* [Supplied material]
Content starts
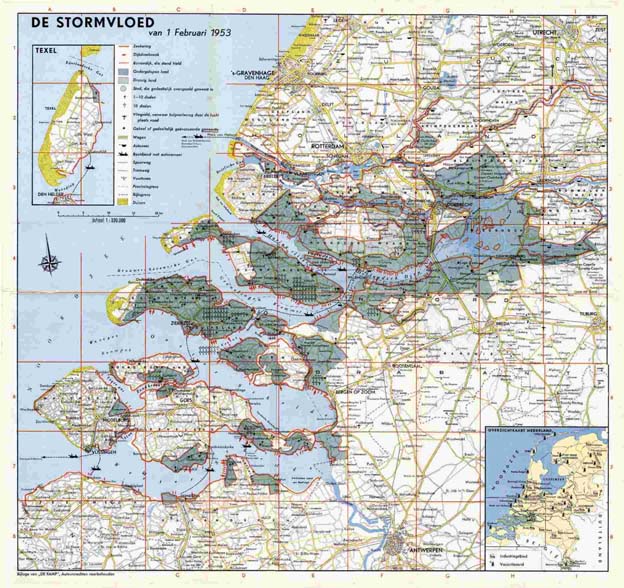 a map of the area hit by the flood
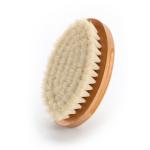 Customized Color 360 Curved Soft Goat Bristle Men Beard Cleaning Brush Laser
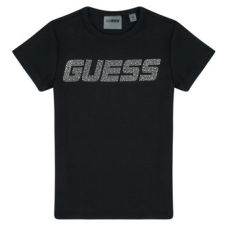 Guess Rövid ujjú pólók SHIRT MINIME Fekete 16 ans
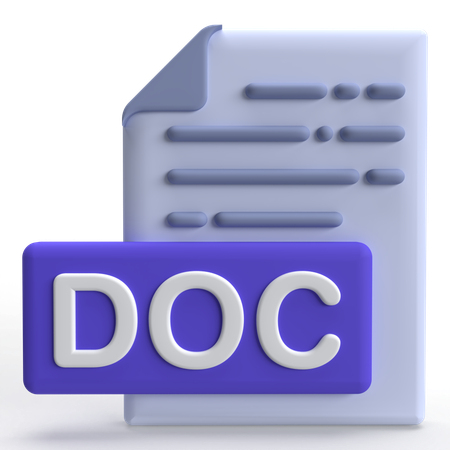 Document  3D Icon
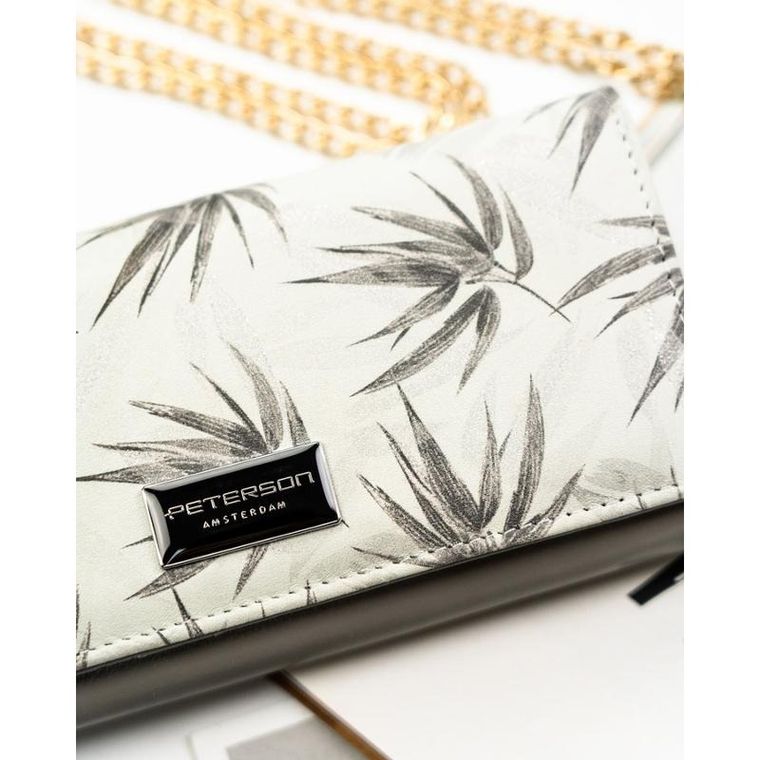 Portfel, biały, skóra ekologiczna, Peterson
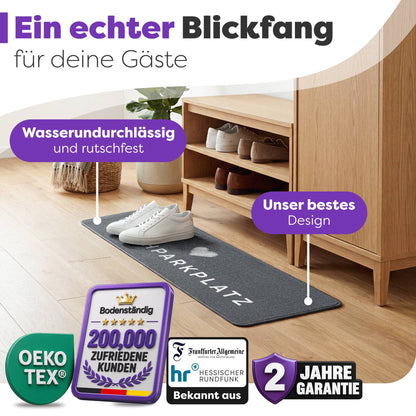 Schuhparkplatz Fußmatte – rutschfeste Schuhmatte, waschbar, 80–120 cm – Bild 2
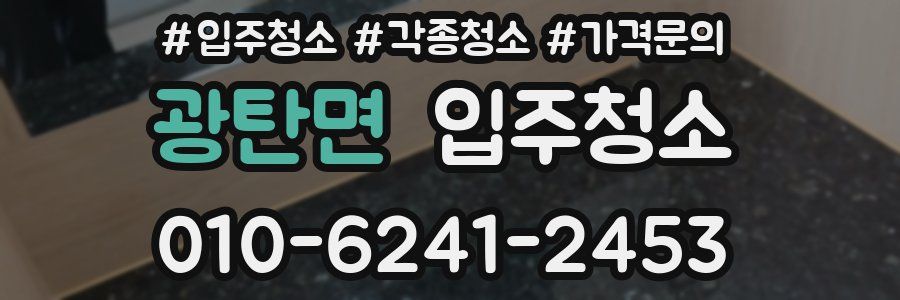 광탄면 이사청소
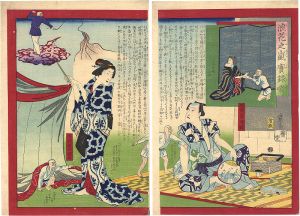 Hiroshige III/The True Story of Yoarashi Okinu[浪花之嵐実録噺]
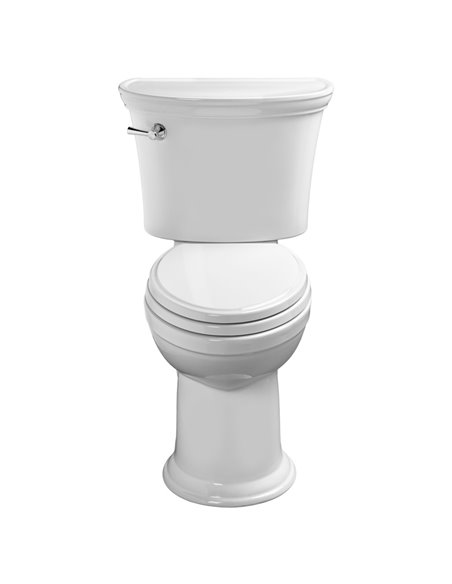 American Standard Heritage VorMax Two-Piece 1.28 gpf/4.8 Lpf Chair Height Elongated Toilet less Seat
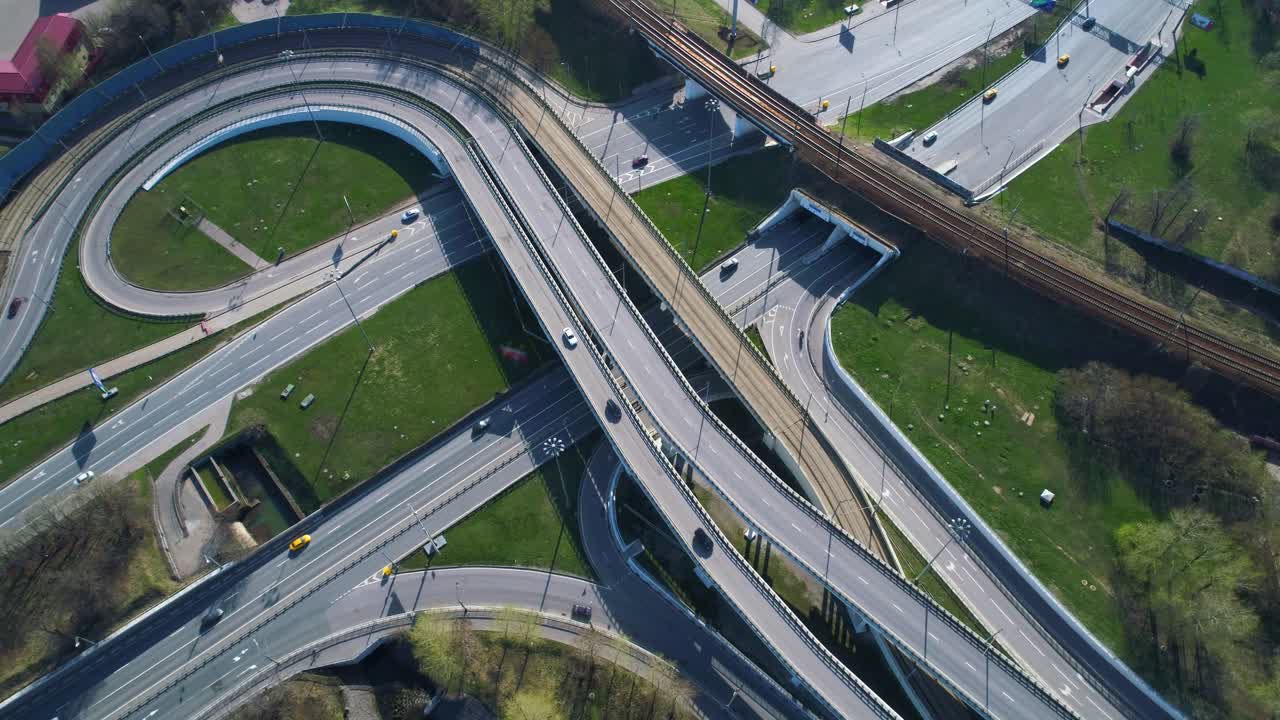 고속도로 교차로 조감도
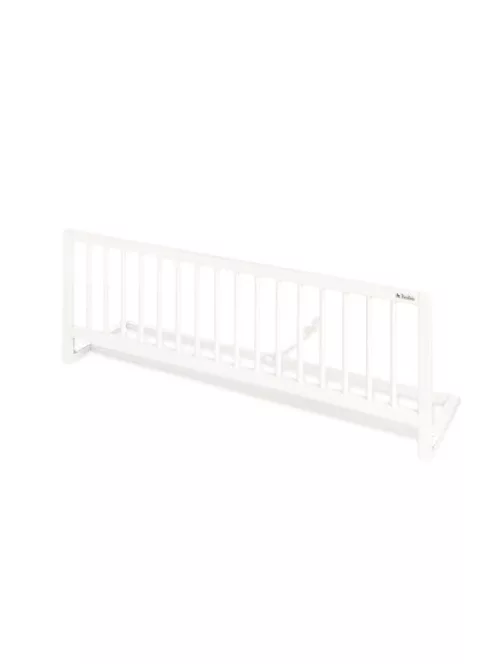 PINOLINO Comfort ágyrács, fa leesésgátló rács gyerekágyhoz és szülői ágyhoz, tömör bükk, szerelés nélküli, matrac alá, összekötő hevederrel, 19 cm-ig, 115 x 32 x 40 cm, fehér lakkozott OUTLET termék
Content ends
* [Action item]
All of the data above needs to be given again exactly. Leave out each image.

* [Solved problem]
 a map of the area hit by the flood
 Customized Color 360 Curved Soft Goat Bristle Men Beard Cleaning Brush Laser
 Guess Rövid ujjú pólók SHIRT MINIME Fekete 16 ans
 Document  3D Icon
 Portfel, biały, skóra ekologiczna, Peterson
 Schuhparkplatz Fußmatte – rutschfeste Schuhmatte, waschbar, 80–120 cm – Bild 2
 광탄면 이사청소
 Hiroshige III/The True Story of Yoarashi Okinu[浪花之嵐実録噺]
 American Standard Heritage VorMax Two-Piece 1.28 gpf/4.8 Lpf Chair Height Elongated Toilet less Seat
 고속도로 교차로 조감도
 PINOLINO Comfort ágyrács, fa leesésgátló rács gyerekágyhoz és szülői ágyhoz, tömör bükk, szerelés nélküli, matrac alá, összekötő hevederrel, 19 cm-ig, 115 x 32 x 40 cm, fehér lakkozott OUTLET termék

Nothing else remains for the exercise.